Roger Lafrance, Journal Mobiles, Saint-Hyacinthe, avril 2024
La colère gronde en agriculture. En France, les agriculteurs ont manifesté leur ras-le-bol sur les routes et les places publiques. Au Québec, les tracteurs ont envahi les routes dans l’est du Québec surtout, mais la grogne pourrait s’étendre jusqu’à nous.
Même combat? Oui et non. En France, les agriculteurs en avaient surtout contre la concurrence déloyale provenant d’autres pays d’Europe, les tracasseries de la bureaucratie et les hausses des coûts de production. Au Québec, à ces sujets, s’ajoutent la météo misérable de 2023 et un endettement qui ne cesse de s’alourdir. Bien des agriculteurs peinent à se dégager un salaire décent.
Selon l’UPA, le revenu net des fermes pourrait baisser de 86% en 2024, après une baisse de 49% en 2022. Les programmes d’aide financière ne suffisent plus, tant l’assurance récolte que l’assurance stabilisation des revenus agricoles.
Bien sûr, la problématique est complexe et les solutions ne peuvent être simples. Les aléas de la météo ont toujours fait partie de la réalité des agriculteurs. C’est aussi vrai pour les maladies (grippe aviaire) ou les problèmes structurels, comme dans l’industrie du porc par exemple.
On peut penser que tout cela se passe bien loin des consommateurs que nous sommes. Or, ce ne l’est pas. Chaque fois qu’on impose des normes environnementales ou qu’on rehausse les conditions des travailleurs, on ajoute de la bureaucratie, on augmente les coûts d’exploitation.
Or, la plupart des consommateurs ne veulent jamais payer davantage pour leur alimentation. Dans la dernière année, la hausse du panier d’épicerie a souvent défrayé les manchettes.

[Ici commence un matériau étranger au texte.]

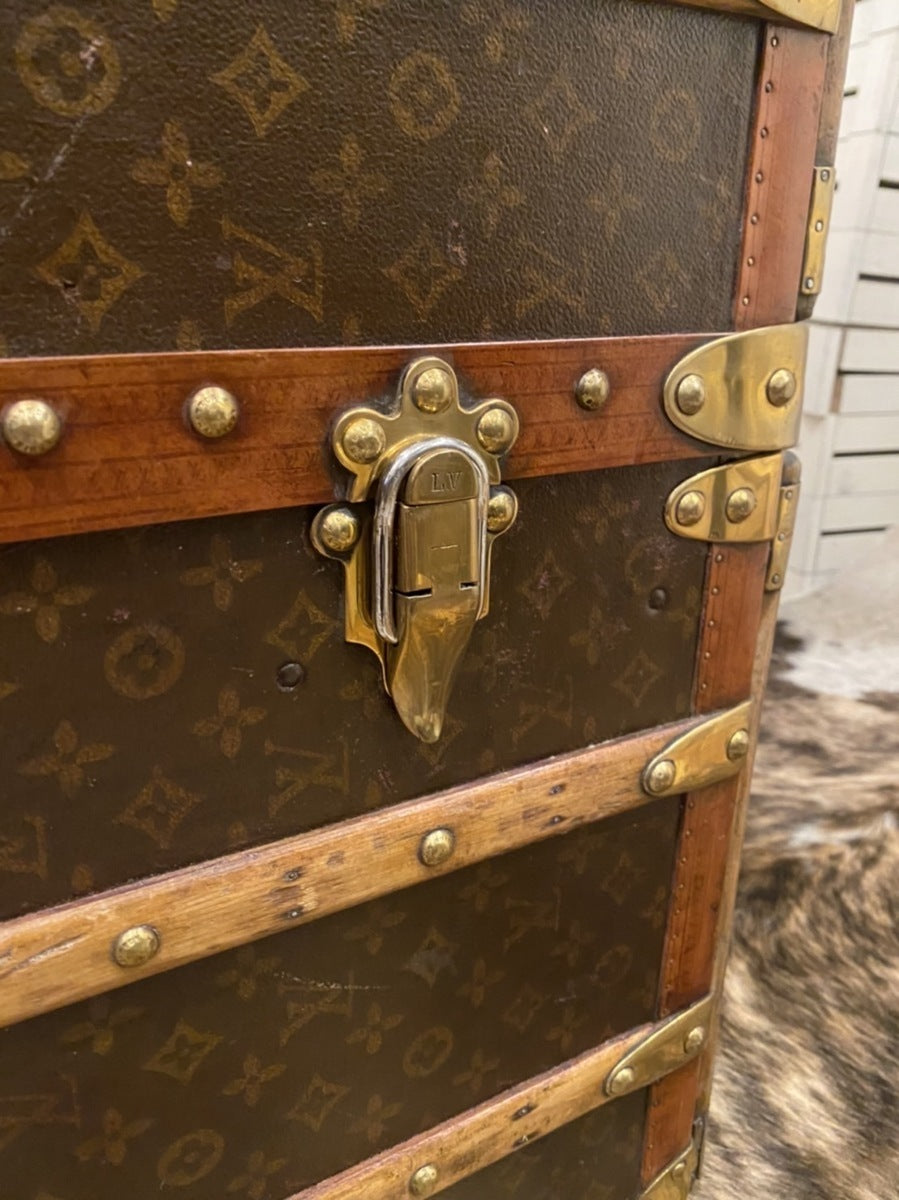 Louis Vuitton wardrobe trunk with orange interior, view 9 of 10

La recherche du plus bas prix possible a des conséquences néfastes sur notre agriculture. Cela signifie qu’on préfère souvent acheter des produits provenant de l’étranger, de fermes qui exploitent une main d’œuvre bon marché et qui se soucient peu des normes environnementales. Nos producteurs peuvent difficilement les concurrencer.
Choisir l’agriculture locale fait partie de nos responsabilités comme consommateur. Depuis plusieurs années, votre journal Mobiles a mis à l’avant-plan plusieurs petits producteurs de la région dans le but de les faire connaître et avec le souci de promouvoir une agriculture variée et plurielle. Plus nous soutenons nos producteurs locaux, plus notre région sera dynamique et sera un milieu de vie agréable à habiter.
Bien sûr, les consommateurs ne peuvent pas tout régler. L’État doit s’assurer que les agriculteurs puissent opérer dans de bonnes conditions et vivre décemment de leur métier. Il y a certainement des ajustements à faire dans nos programmes d’aide et dans l’allègement de la bureaucratie.
Soutenir plus généreusement nos producteurs est-il la bonne solution, comme le préconise l’UPA? Pas sûr, même s’il est vrai que bien des pays soutiennent davantage leur agriculture.
Mais, les consommateurs ont aussi une responsabilité. La politique du meilleur prix possible n’est souvent pas la meilleure. Payer le juste prix pour nos denrées alimentaires est plus porteur à moyen et long terme.